-- Required action --
Copying rule for the data below: pictures stay out, and only the lines from the one with "モデルプレス流行語大賞202" down to the one with "Datadog latency dashboard", inclusive, are repeated exactly.

-- Records for the exercise --
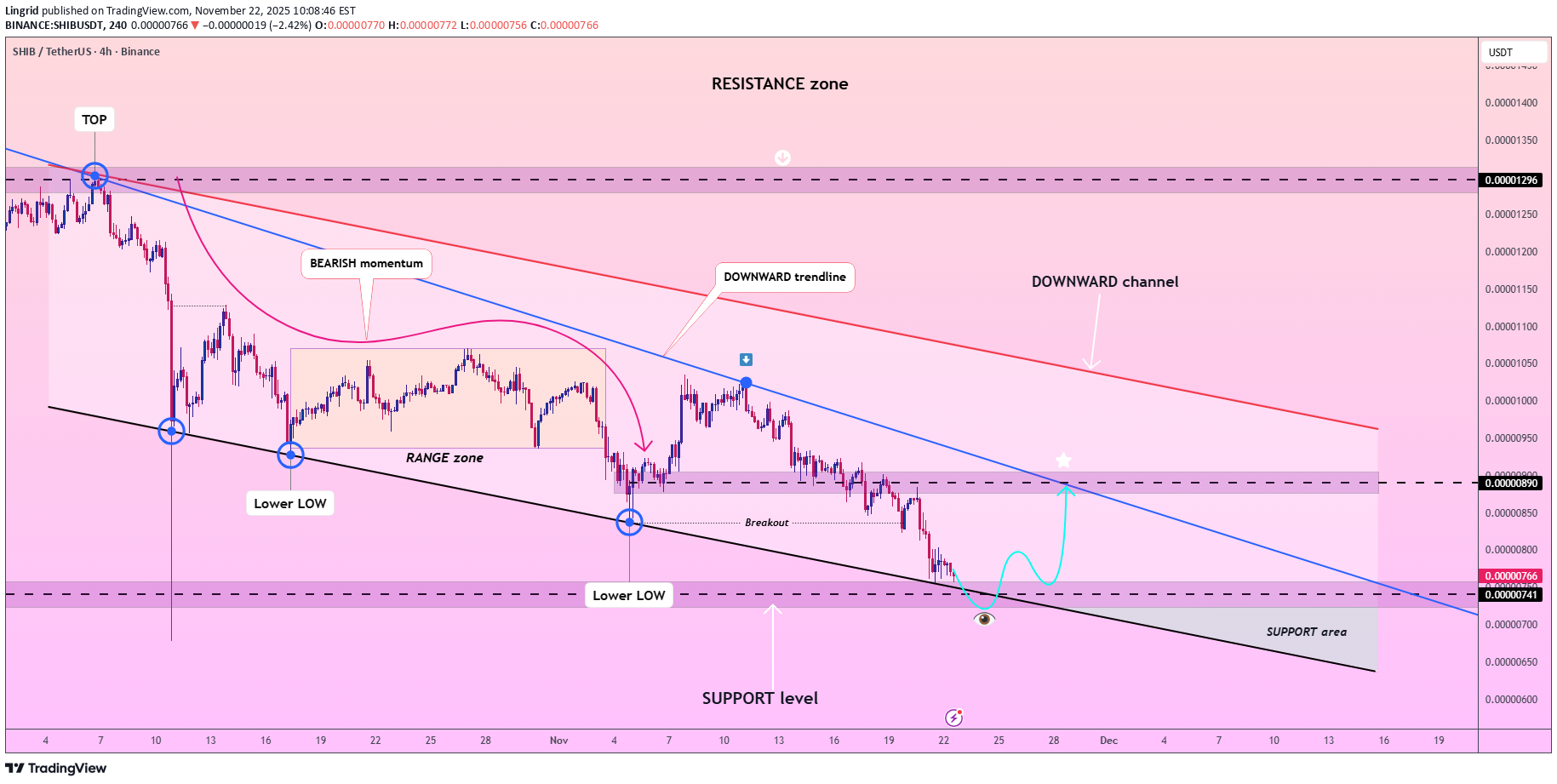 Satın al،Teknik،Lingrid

--

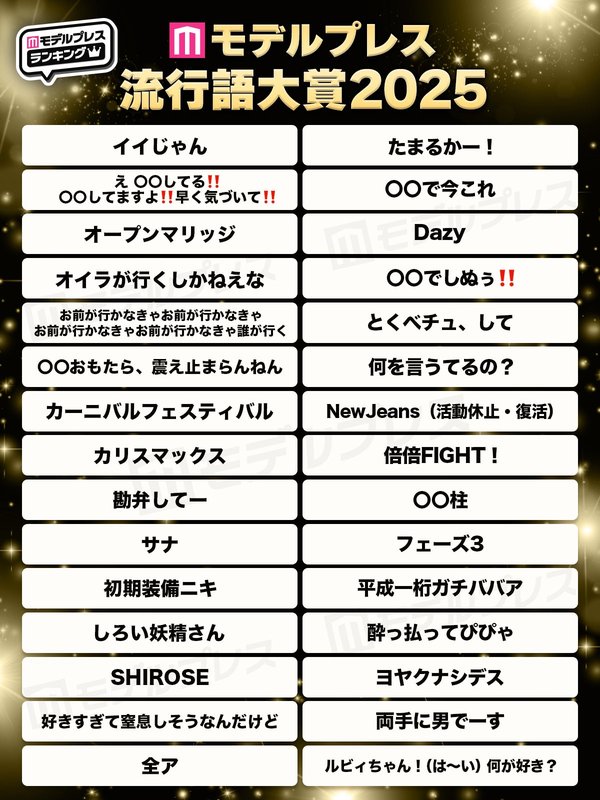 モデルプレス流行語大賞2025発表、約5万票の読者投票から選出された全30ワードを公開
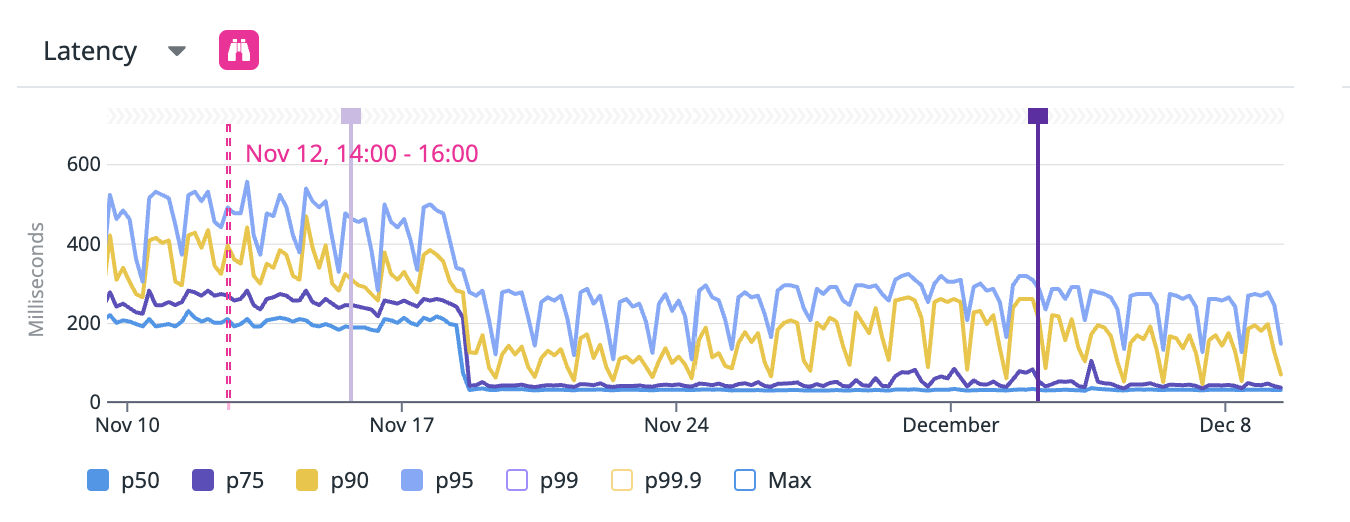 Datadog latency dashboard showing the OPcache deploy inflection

-- Result for this exercise --
 モデルプレス流行語大賞2025発表、約5万票の読者投票から選出された全30ワードを公開
 Datadog latency dashboard showing the OPcache deploy inflection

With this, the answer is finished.